→ **What to do**: The answer must consist solely of the lines below starting at the one containing "mirelasilver's Live Sex Cam Show" and ending at the one containing "2 Bedroom Property", repeated exactly, with both ends included and all pictures omitted.

→ **The records**:
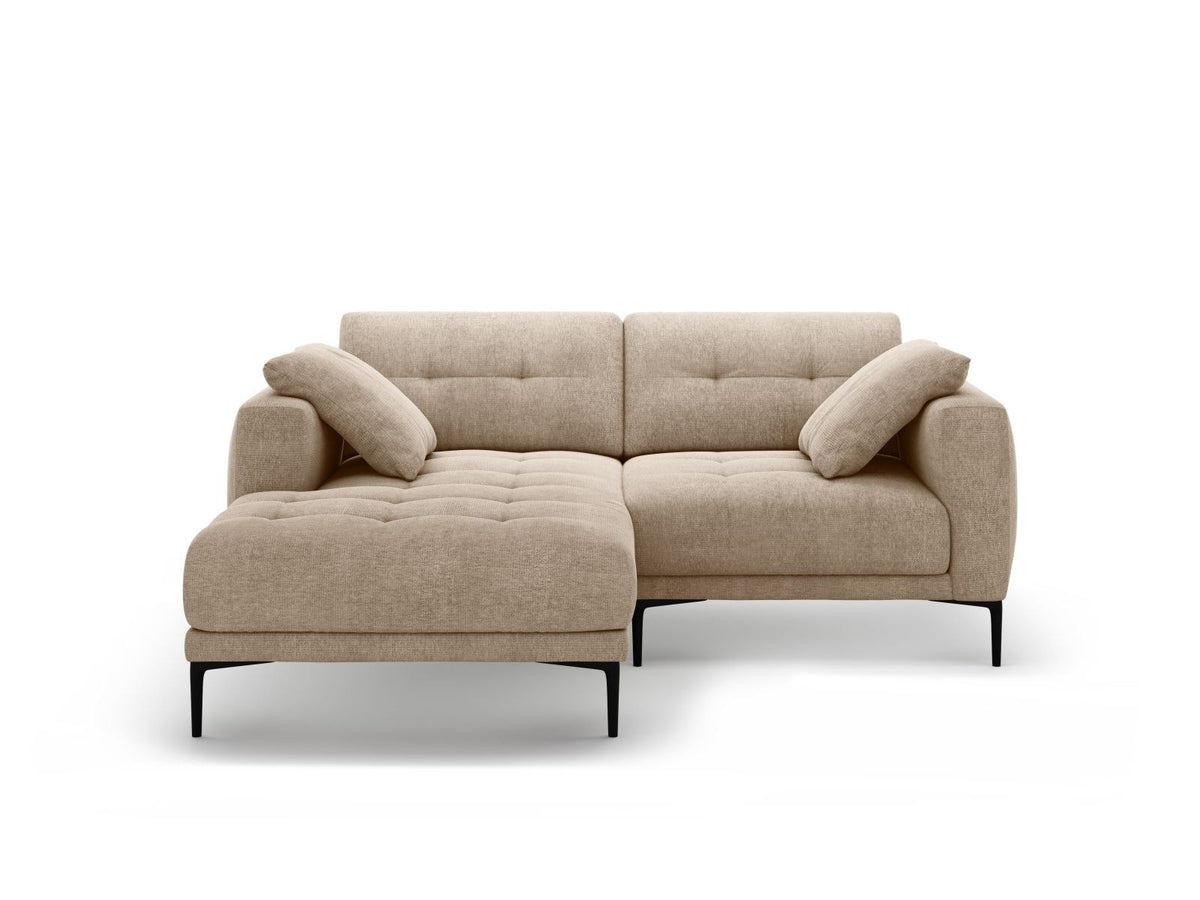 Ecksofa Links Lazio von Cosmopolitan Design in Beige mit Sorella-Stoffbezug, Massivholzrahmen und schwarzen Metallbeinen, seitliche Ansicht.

---

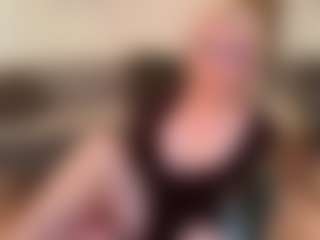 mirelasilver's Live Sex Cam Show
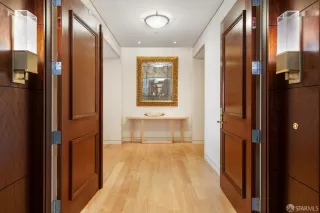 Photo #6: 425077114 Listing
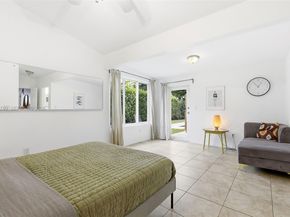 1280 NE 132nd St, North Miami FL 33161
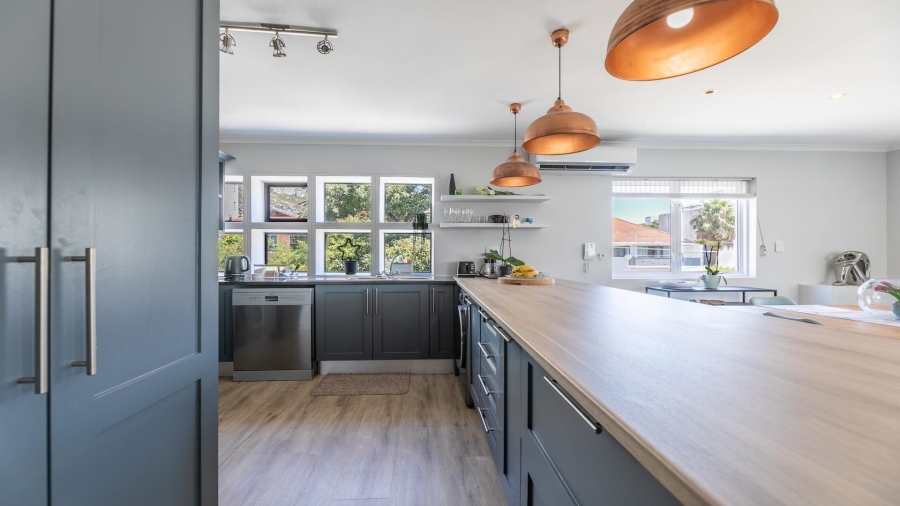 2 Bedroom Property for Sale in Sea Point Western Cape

→ **Problem solution**:
 mirelasilver's Live Sex Cam Show
 Photo #6: 425077114 Listing
 1280 NE 132nd St, North Miami FL 33161
 2 Bedroom Property for Sale in Sea Point Western Cape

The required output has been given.